CNBB
1986 – Primeira Semana Brasileira de Catequese (1ª SBC)
1.O evento. A Primeira Semana Brasileira de
Catequese, realizada na Vila Kostka, bairro Itaici, em Indaiatuba-SP, de 12 a
18 de outubro de 1986, foi um acontecimento significativo na história da
Catequese no Brasil. O antigo salão da Vila Kostka estava apinhado com 450
participantes, comprometidas com a dinamização da renovação da catequese em
todas dioceses do Brasil. A preparação do evento envolveu os catequistas de
base, a partir do estudo de oito teses com seus vários instrumentos de
trabalho, o que favoreceu o interesse de toda a Igreja e foi fundamental para o
êxito do grande evento em Itaici.
A 1ª SBC 1986, situa-se como um momento forte, até mesmo
culminativo, de um intenso processo de divulgação, estudo e operacionalização
do Documento da CNBB, n. 26: “Catequese Renovada, Orientações e Conteúdo”

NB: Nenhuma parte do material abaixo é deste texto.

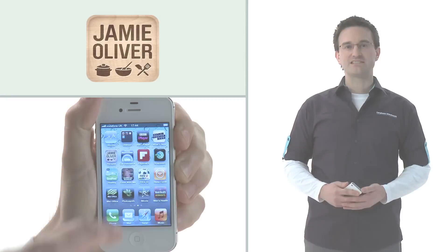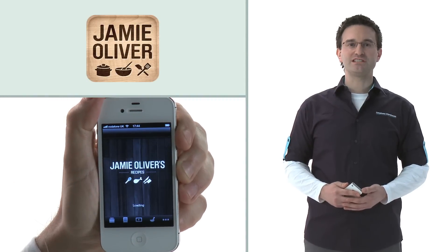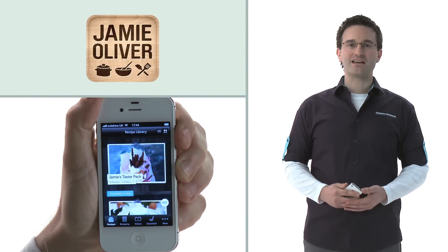Hi, I'm Anthony from Carphone Warehouse in Acton, and I'm going to be talking about the Jamie's Recipes app. It's available on iOS and it's free to download, but additional recipe packs are extra.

(1983), no Brasil, sob liderança dos três membros do Setor Linha 3 da
Conferência Nacional dos Bispos do Brasil (CNBB): Dom Albano Cavallin, Frei
Bernardo Cansi, OFMCap. Irmão Israel José Nery fsc.

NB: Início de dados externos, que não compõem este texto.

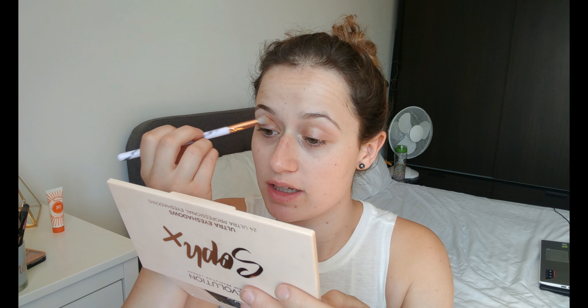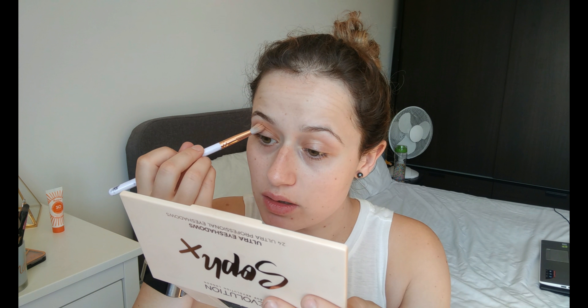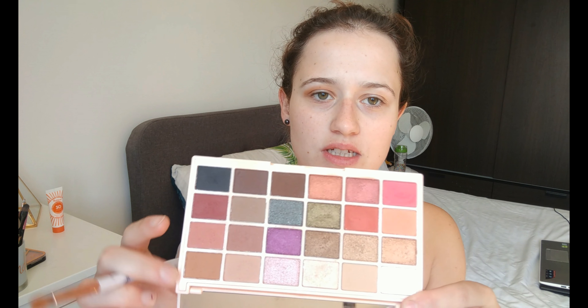I do like the size of the mirrors on these palettes because they are huge and really handy when you're putting on makeup. When a palette doesn't have a decent mirror it does annoy me, because a lot of the time I use my desk but when filming it just doesn't work with the lighting. Now moving into the color Danger — this is going on the outer eyelid and still a little bit in the crease.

2.O Documento Catequese Renovada. Por sua vez o
Documento 26 da CNBB, havia sido fruto de todo um esforço de síntese da
caminhada da Catequese desde o Concílio Vaticano II (1962-1965), principalmente
sob o impulso de seus documentos eixos, tais como, Lumen Gentium (a
renovação da Igreja), Gaudium et Spes (a Renovação da Igreja
em sua missão no mundo), Dei Verbum (a importância prioritária
da Palavra de Deus), Sacrossanctum Sacramentum (a renovação da
Liturgia) e também do Decreto Ad Gentes (sobre a ação missionária
da Igreja).
Do pós-concilio são fundamentais para a renovação da
Catequese: o Diretório Catequético Geral (DCG), de 1971,
o Ritual de Iniciação Cristã de Adultos (1972), o Sínodo sobre
a Evangelização (1974), com a Exortação Apostólica de Paulo VI Evangelii
Nuntiandi (1875); o Sínodo A Catequese no Mundo Atual (1977), com sua
Exortação Apostólica Catechesi Tradendae, (1979) do papa João Paulo
II, o Sínodo sobre a Família (1980) e a Exortação
Apostólica, Familiaris Consortio (1981), também do Papa João Paulo
II. É importante ainda relembrar a insistência da renovação da Catequese nos
discursos do Papa, em sua primeira visita apostólica ao Brasil, em 1980.[1]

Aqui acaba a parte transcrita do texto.